Sulla stessa linea la cooperativa nell’occhio del ciclone, la quale ha ribadito che “la San Martino garantisce il pieno rispetto dei diritti sindacali e la libertà sindacale di tutti i propri soci lavoratori applicando pienamente quanto previsto dalle norme vigenti. Inoltre ribadisce la piena applicazione di quanto previsto dal Contratto Nazionale e delle norme in materia di lavoro“.

Ma i facchini che hanno deciso di protestare, come già avvenuto un anno e mezzo fa sempre con blocchi e scontri con le forze dell’ordine, non sembrano essere d’accordo. “Quando hanno sciolto il consorzio (estate 2013, ndr) dovevano scegliere altre cooperative e invece hanno tenuto la peggiore” ha spiegato uno di loro. “Continuano a mandare lettere di richiamo e di sospensione senza motivo ma perché siamo iscritti al Si Cobas” gli ha fatto eco un’altro. Ma i problemi, ad ascoltarli, sono anche di altra natura: “Da qualche tempo hanno irrigidito la richiesta di ferie, anche se qui c’è gente che in 10 anni non ne ha mai fatte. Oppure, per malattia, sono stati stabiliti alcuni giorni, non vicini al fine settimana e ai festivi: ma se uno sta male in quei giorni e ha il certificato medico come fa? Viene a lavorare malato?” ha sottolineato un altro.

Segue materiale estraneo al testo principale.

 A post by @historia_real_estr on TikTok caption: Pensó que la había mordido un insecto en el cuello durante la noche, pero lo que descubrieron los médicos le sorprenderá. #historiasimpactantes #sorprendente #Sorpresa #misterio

Quel che è certo, come ha scritto anche la stessa Ikea nella sua nota ufficiale, è comunque che “l’impossibilità di continuare ad utilizzare questo Polo, metterebbe a repentaglio un progetto occupazionale e di sviluppo di tutta questa area” e quindi le istituzioni piacentine, finora assenti, faranno bene a cercare di riavvicinare le due parti in conflitto, forse mai così lontane.

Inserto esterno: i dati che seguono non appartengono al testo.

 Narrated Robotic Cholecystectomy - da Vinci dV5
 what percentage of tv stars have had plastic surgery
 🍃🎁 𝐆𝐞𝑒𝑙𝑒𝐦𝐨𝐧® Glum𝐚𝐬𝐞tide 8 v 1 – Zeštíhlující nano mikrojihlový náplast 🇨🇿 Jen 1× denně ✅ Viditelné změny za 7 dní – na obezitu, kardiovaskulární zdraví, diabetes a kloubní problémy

La lunga giornata ai cancelli Ikea si è conclusa nel peggiore dei modi con la coop San Martino che ha sporto querela per ingiurie nei confronti di Edoardo Pietrantoni, responsabile regionale del Si Cobas che ha firmato il comunicato diffuso dal sindacato e ha fatto partire dai suoi legali anche una formale diffida nei confronti del consigliere comunale Carlo Pallavicini che in questi giorni, come in passato, ha partecipato alle proteste in prima persona. A sua difesa, dal punto di vista politico, è intervenuto il segretario di Rifondazione comunista, Paolo Ferrero: “Le forze dell’ordine sono intervenute a suon di manganellate e lacrimogeni per interrompere il blocco – a cui ha aderito la maggioranza dei lavoratori – dei cancelli dello stabilimento dell’Ikea di Piacenza. Ancora una volta la risposta per chi lotta è il manganello. Chiediamo il reintegro dei lavoratori sospesi e l’avvio immediato di un confronto tra le parti al fine di migliorare le condizioni di lavoro interne ad Ikea, così come richiesto dai lavoratori in lotta”.